Activity =>
Up to and including the line that holds "Copa Chabela Borde", copy every line of the records below exactly, starting at the first; leave pictures out.

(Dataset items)
******************************
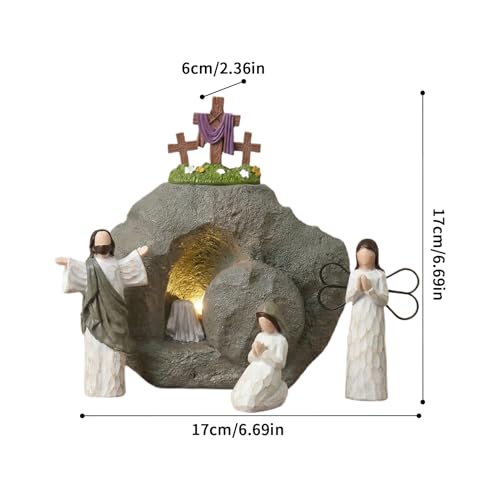 Scène de Pâques en résine pour cheminée et décoration chrétienne de printemps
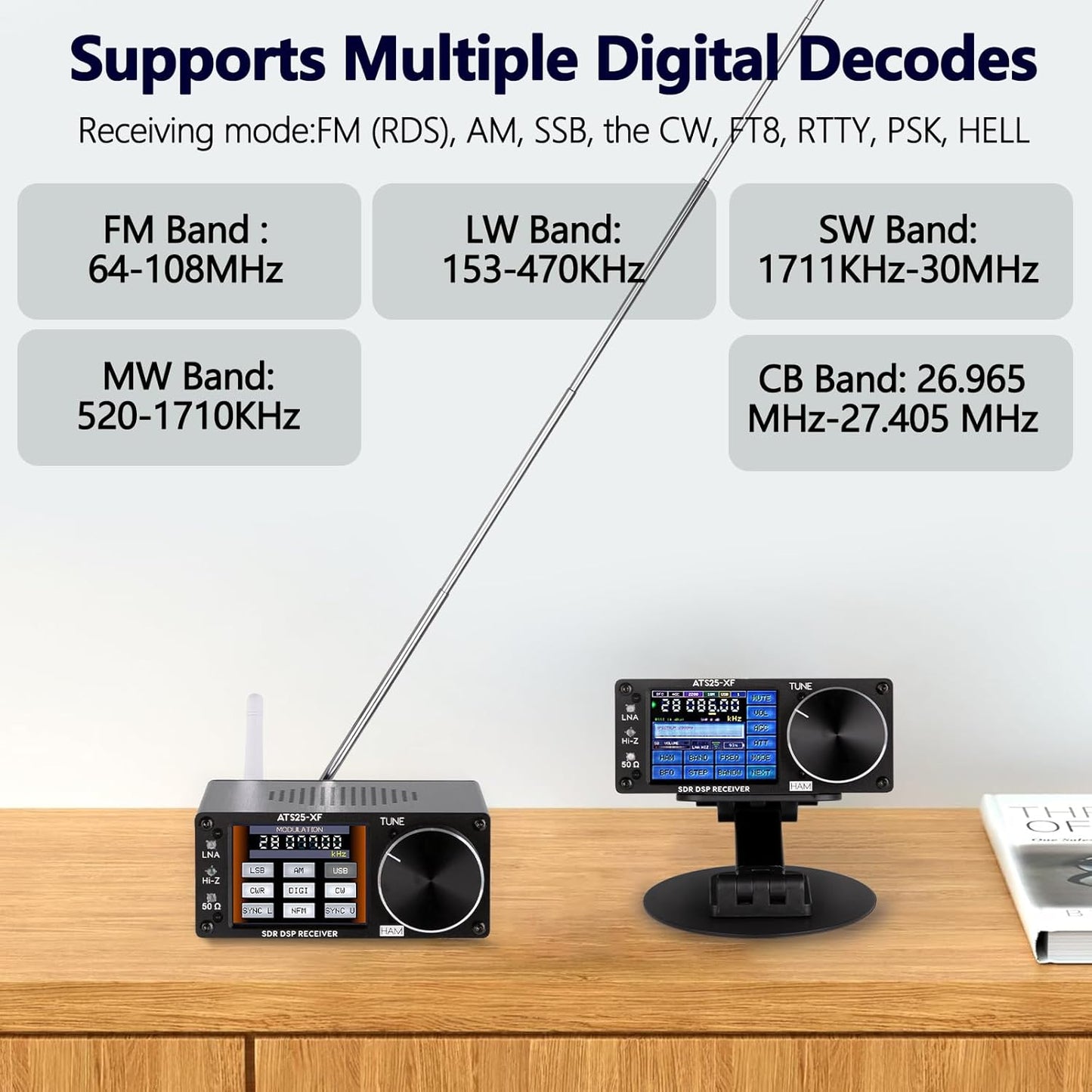 Upgraded V4.20 ATS25-XF Si4732 DSP Shortwave Radio Receiver with Bracket Donut Antenna, 2.8-inch LCD Touch-Screen WiFi FM LW SW CB MW SSB FT8 RTTY PSK Hell Full-Band Decoder Receiver, LNA Function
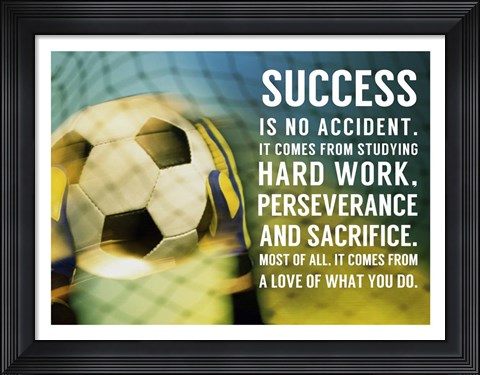 Framed Success Soccer Quote Print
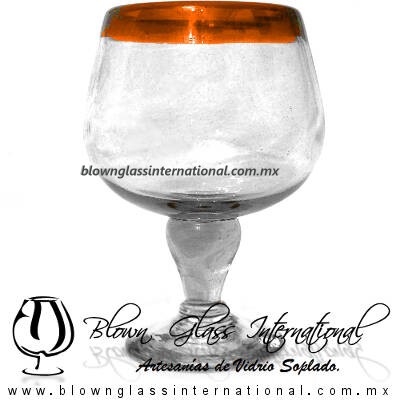 Copa Chabela Borde de color Naranja, Fábrica de Vidrio Soplado Artesanal, made in México - Blown Glass Factory Store Tonala, Handcraft, Handmade.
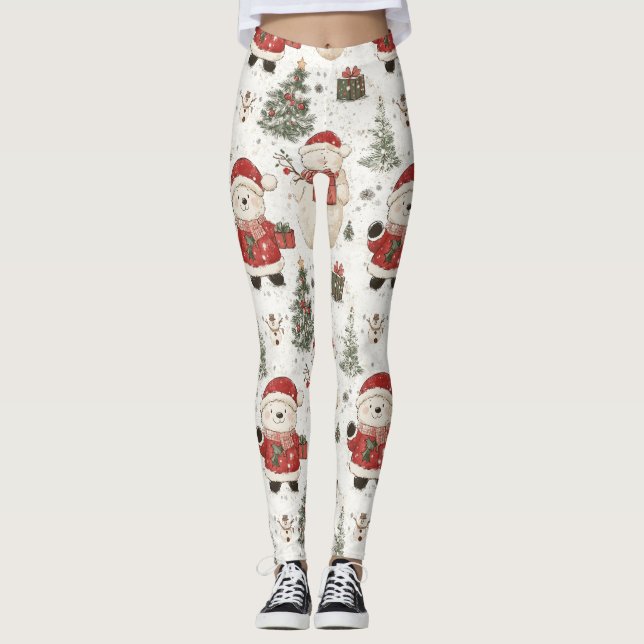 Weihnachts-Teddybär-Santa-Muster (1) Leggings (Vorderseite)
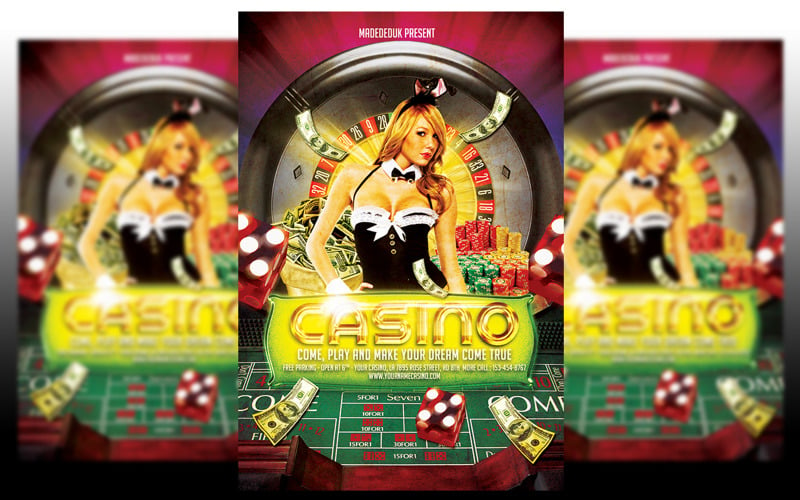 Modelo de Folheto de Cassino e Pôquer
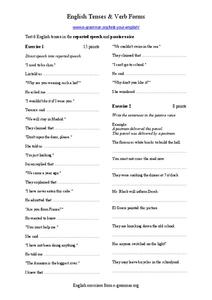 English Tenses and Verb Forms Worksheet English Tenses and Verb Forms Worksheet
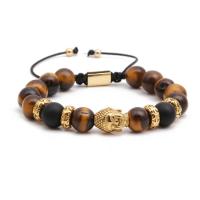 Natural Gemstone Bracelets with Buddha Stainless Steel Charms plated Unisex & adjustable 10mm Sold Per Approx 6.3 Inch Strand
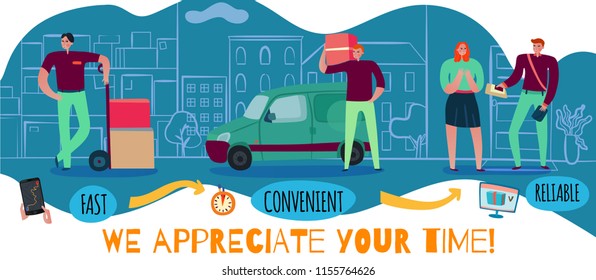 Delivery service poster with fast convenient and reliable delivery symbols flat vector illustration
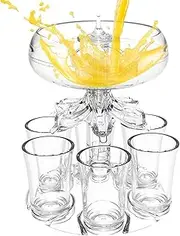 Party Drink Shot Dispenser - 6 Shots Liquor Cocktail Dispenser,Cocktail Dispenser, 6 Shots Party Drink Dispenser, Shot Glass Holder Beverage Dispenser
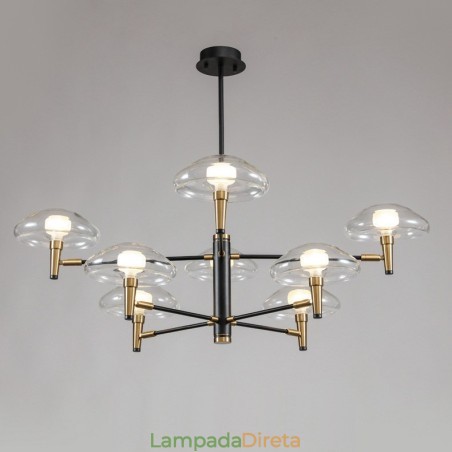 Lustre de 8 luzes com acabamento pintado galvanizado e cúpulas de vidro Lustre de 8 luzes com acabamento pintado galvanizado e cúpulas de vidro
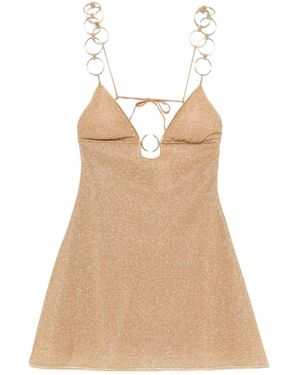 Oséree Lumiere Ring-Strap Mini Dress - Natural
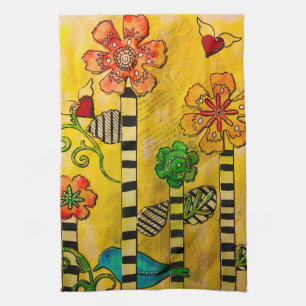 Stijlvolle en trendy vogel en bloemen keukenhanddo theedoek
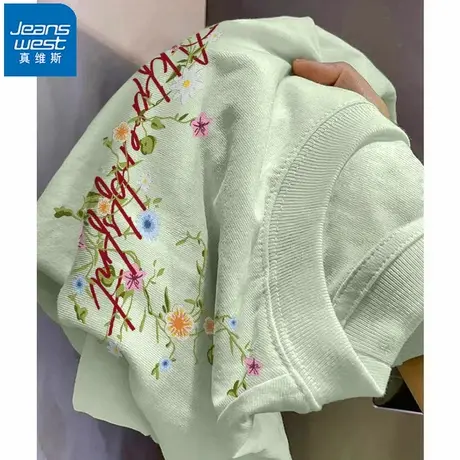 NR真维斯浅绿色纯棉短袖t恤女夏季新款正肩宽松百搭潮牌休闲上衣商品大图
******************************
Reply =>
 Scène de Pâques en résine pour cheminée et décoration chrétienne de printemps
 Upgraded V4.20 ATS25-XF Si4732 DSP Shortwave Radio Receiver with Bracket Donut Antenna, 2.8-inch LCD Touch-Screen WiFi FM LW SW CB MW SSB FT8 RTTY PSK Hell Full-Band Decoder Receiver, LNA Function
 Framed Success Soccer Quote Print
 Copa Chabela Borde de color Naranja, Fábrica de Vidrio Soplado Artesanal, made in México - Blown Glass Factory Store Tonala, Handcraft, Handmade.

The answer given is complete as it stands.